There has always been a belief in two justice systems in America – one for the wealthy and well-connected, and one for everyone else. But you know what happens when two wealthy families are on opposite ends of a murder?
That depends, we suppose. In 1907-08, riches didn’t control the mind, and the mind proved to be a powerful defense.
It’s famously known as the “trial of the century” by American media at the time, as well-known architect Stanford White was shot and killed at the outdoor rooftop theater at Madison Square Garden in New York City, and coal and railroad heir Harry K. Thaw was put on trial for the very public murder in front of nearly 1,000 people who were watching a performance at the theater at the time of the shooting.

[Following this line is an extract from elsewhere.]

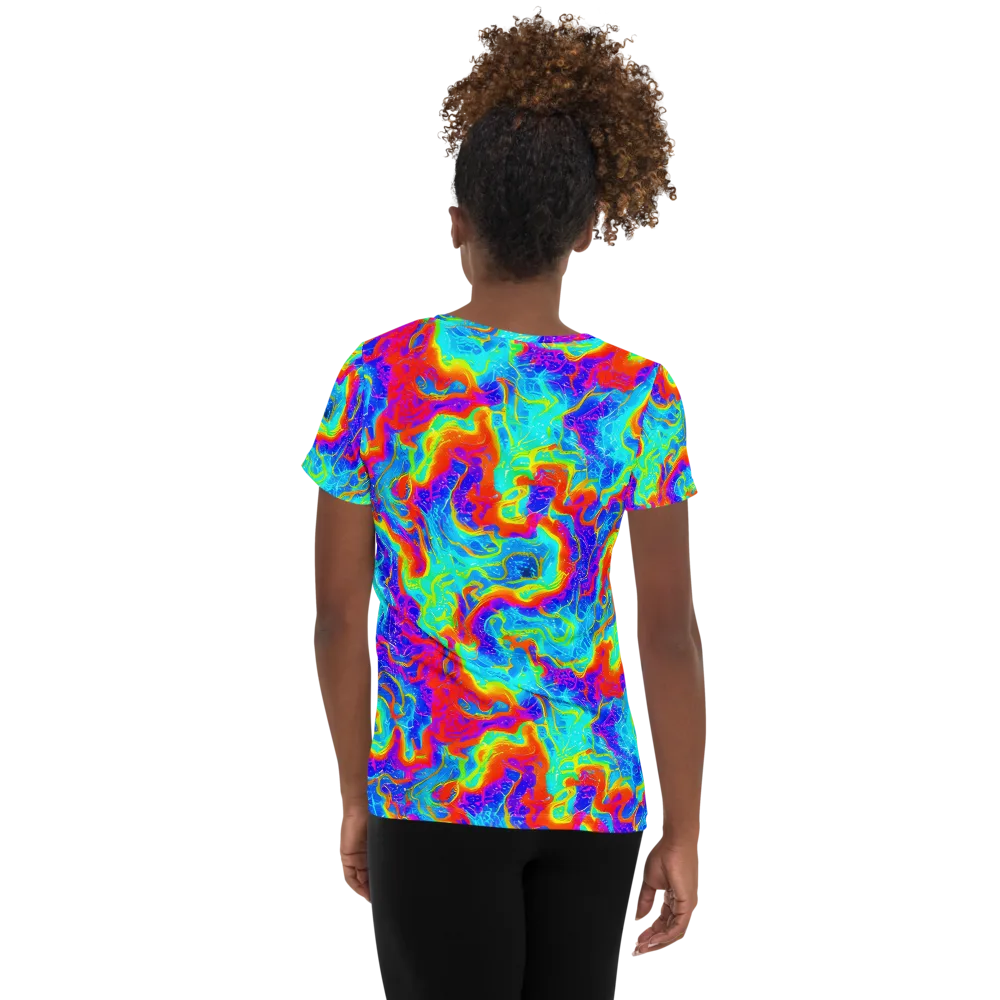 Tangerine Labyrinth on Women's Athletic T-Shirt — Back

The setup is that Thaw had a lovely young wife named Evelyn Nesbit Thaw, who was a “supermodel” of the day, being featured on the covers of every major magazine in the country. Thaw learned that her bride had been involved with the noted lothario Mr. White prior to the marriage, and Thaw became quite jealous of, and obsessed with, Mr. White. There was a report that White had raped Mrs. Thaw, but that was not definitively corroborated.
Thaw was charged with the June 1906, murder, and went on trial in January 1907 in what was called the “trial of the century.” Thaw claimed an insanity defense, saying that he shot White in a fit of jealous rage over the previous relationship. After much deliberation, including evidence that suggested that Thaw was not temporarily insane but had a history of mental instability that was consistent throughout his family, the jury was hopelessly deadlocked in deciding whether Thaw committed murder, as several on the jury were convinced of the insanity defense.
After that hung trial, Thaw was re-tried a year later, in January 1908, and much of the same media circus followed along. Thaw remained in jail during this time, and maintained his insanity defense, despite all the witnesses to the shooting who all corroborated the story seeing Thaw shoot White in cold-blood leading to this death.
The second trial went much the way of the first, with Thaw’s defense team presenting him as a man mentally disturbed and especially triggered by the relationship of the woman he loved with a man who was the toast of New York society at the time. With the second jury, a verdict did come back – and Thaw was found not guilty by reason of insanity.
But instead of being freed, he was declared criminally insane and was sent to a mental institution until he was released in 1924, 16 years later.
Of course, there would be a couple more “trials of the century,” in the 20th century, but it is said that the Harry Thaw murder trial signaled the “end” of what was called the Gilded Age in America. It was known as one of the first great celebrity trials in America, and it was one of the early successful insanity defenses.